Online casinos are blowing up and becoming popular more each day. Lot of newcomers discover online gambling through live streaming or Youtube. This of course raises questions on how regular people gamble for a living and just risk money all day long without losing money.

What Is Twitch And Casino Streaming?

Live streaming has been dominated by one platform over the last decade and that is Twitch. The site is primarily dominated by video games. These games are mostly console titles or PC releases.
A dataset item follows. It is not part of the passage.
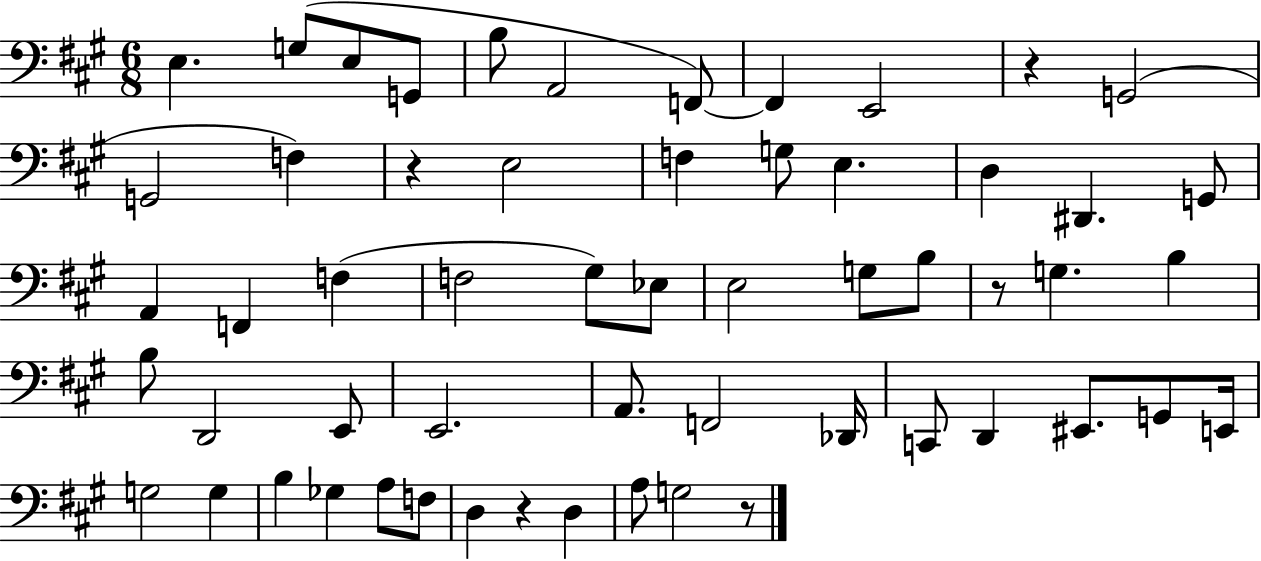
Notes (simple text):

E3/q. G3/e E3/e G2/e B3/e A2/h F2/e F2/q E2/h R/q G2/h G2/h F3/q R/q E3/h F3/q G3/e E3/q. D3/q D#2/q. G2/e A2/q F2/q F3/q F3/h G#3/e Eb3/e E3/h G3/e B3/e R/e G3/q. B3/q B3/e D2/h E2/e E2/h. A2/e. F2/h Db2/s C2/e D2/q EIS2/e. G2/e E2/s G3/h G3/q B3/q Gb3/q A3/e F3/e D3/q R/q D3/q A3/e G3/h R/e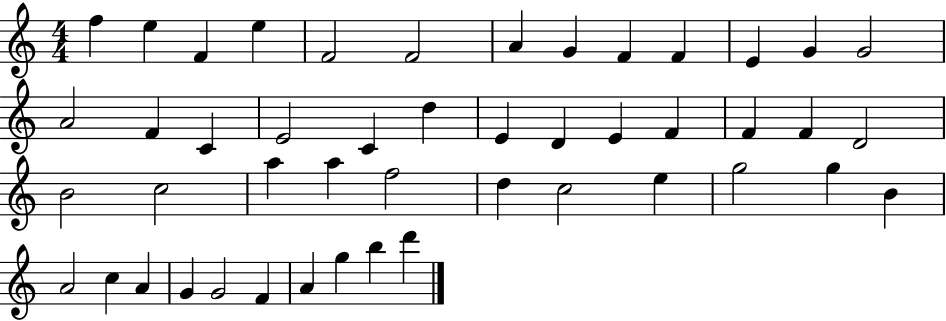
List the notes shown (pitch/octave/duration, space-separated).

However, Twitch has been opening new doors and trying all kinds of new things. The platform switched from its video game exclusive content and wants to reach a broader audience. Thanks to the open-mindedness of Amazon who bought Twitch in 2014 for approx. €970 million, casino streaming has been widely promoted and gaining popularity at an alarming rate.
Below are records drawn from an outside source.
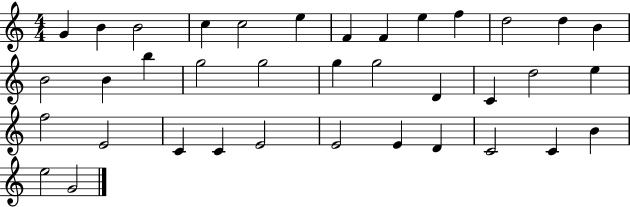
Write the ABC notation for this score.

X:1
T:Untitled
M:4/4
L:1/4
K:C
G B B2 c c2 e F F e f d2 d B B2 B b g2 g2 g g2 D C d2 e f2 E2 C C E2 E2 E D C2 C B e2 G2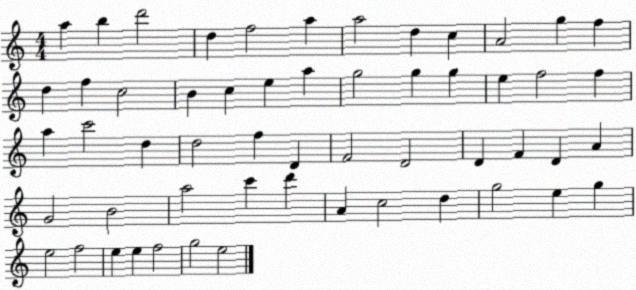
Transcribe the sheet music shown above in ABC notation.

X:1
T:Untitled
M:4/4
L:1/4
K:C
a b d'2 d f2 a a2 d c A2 g f d f c2 B c e a g2 g g e f2 f a c'2 d d2 f D F2 D2 D F D A G2 B2 a2 c' d' A c2 d g2 e g e2 f2 e e f2 g2 e2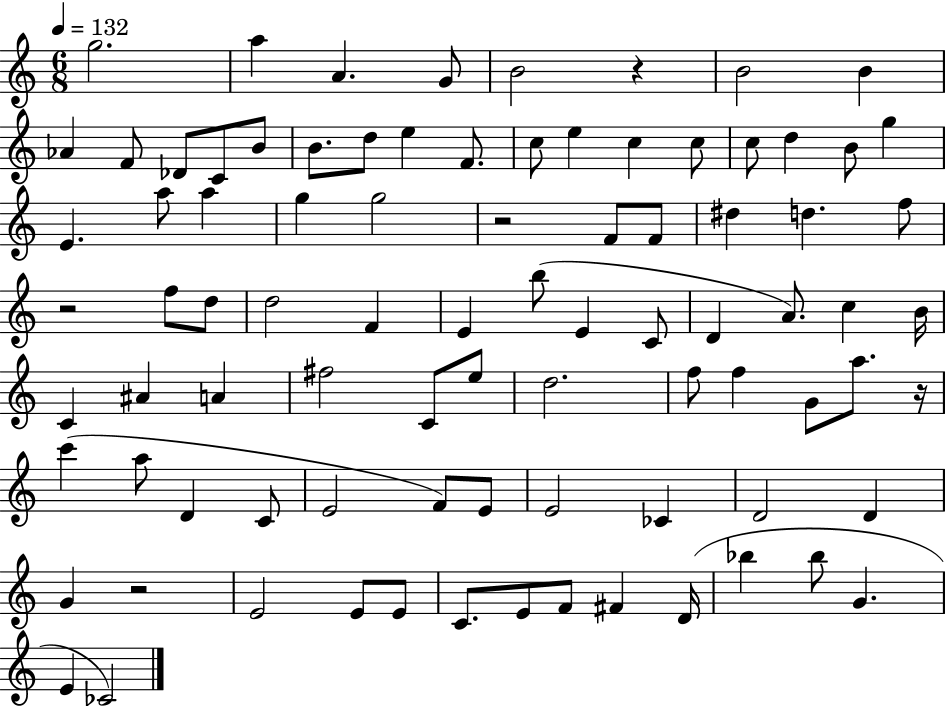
G5/h. A5/q A4/q. G4/e B4/h R/q B4/h B4/q Ab4/q F4/e Db4/e C4/e B4/e B4/e. D5/e E5/q F4/e. C5/e E5/q C5/q C5/e C5/e D5/q B4/e G5/q E4/q. A5/e A5/q G5/q G5/h R/h F4/e F4/e D#5/q D5/q. F5/e R/h F5/e D5/e D5/h F4/q E4/q B5/e E4/q C4/e D4/q A4/e. C5/q B4/s C4/q A#4/q A4/q F#5/h C4/e E5/e D5/h. F5/e F5/q G4/e A5/e. R/s C6/q A5/e D4/q C4/e E4/h F4/e E4/e E4/h CES4/q D4/h D4/q G4/q R/h E4/h E4/e E4/e C4/e. E4/e F4/e F#4/q D4/s Bb5/q Bb5/e G4/q. E4/q CES4/h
Casino streaming is a simple concept of streaming your favorite casino game or watching someone else play it. These kinds of channels attract thousands of viewers with the slot category being the most popular one and even setting new records.
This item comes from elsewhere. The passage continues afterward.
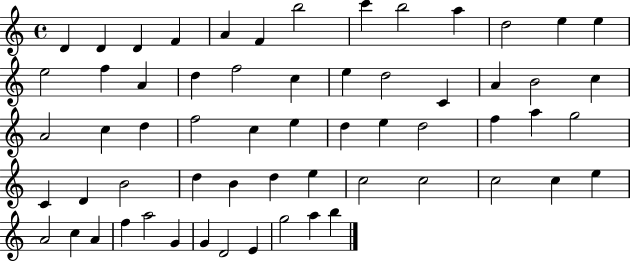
D4/q D4/q D4/q F4/q A4/q F4/q B5/h C6/q B5/h A5/q D5/h E5/q E5/q E5/h F5/q A4/q D5/q F5/h C5/q E5/q D5/h C4/q A4/q B4/h C5/q A4/h C5/q D5/q F5/h C5/q E5/q D5/q E5/q D5/h F5/q A5/q G5/h C4/q D4/q B4/h D5/q B4/q D5/q E5/q C5/h C5/h C5/h C5/q E5/q A4/h C5/q A4/q F5/q A5/h G4/q G4/q D4/h E4/q G5/h A5/q B5/q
So 👀 Are Game Studios Paying Live Streamers?

Yes, casinos and game developers are most definitely paying their live streamers. This shouldn’t come up as a surprise since that's how the majority of influencers make money.

Whether a YouTuber, Instagram model, or a regular live streamer these types of jobs generate money through ads or some kind of promotion.

For example, an Instagram influencer might get approached by a makeup company and asked to promote their product on their page via post or tweet. The company gets promotion and exposure and the influencer gets money in return.

This works exactly the same for casino streamers on Twitch or Youtube. Streamers get approached by a game provider or a casino website for the hope of exposure. And well you can imagine how well that works for both sides! The streamer gets to do what he was planning on doing anyway -- gamble, just within a different game or casino.

Past Gambling Controversies On Live Streaming Platforms

The majority of skeptical viewers have valid reasons to question ‘scammy’ behavior from streamers since we’ve seen that in the past.

During the 2016 craze of loot boxes and more specifically Counter-Strike: Global Offensive weapon skins, few influencers pulled an extreme illegal stunt. An in-game item gambling site called CSGO Lotto was started and founded by a group of popular YouTubers/live streamers who took advantage of the ongoing trend.

They promoted their own website without disclosing affiliation and ‘tweaked’ their chances of winning. Posted youtube videos of supposedly ‘random’ and ‘lucky’ wins, where they won tens of thousands of dollars worth of in-game items went viral and many impressionable players fell victim to their scam due to their mass promotion.

Are Slot Machines Rigged For Live Streamers?

The partnership of companies and influencers seems too good to be true since all sides get what they want. Businesses get exposure, influencers money, and viewers free entertainment. The whole exchange seems fishy and for a good reason since previous gambling scandals looked so similar.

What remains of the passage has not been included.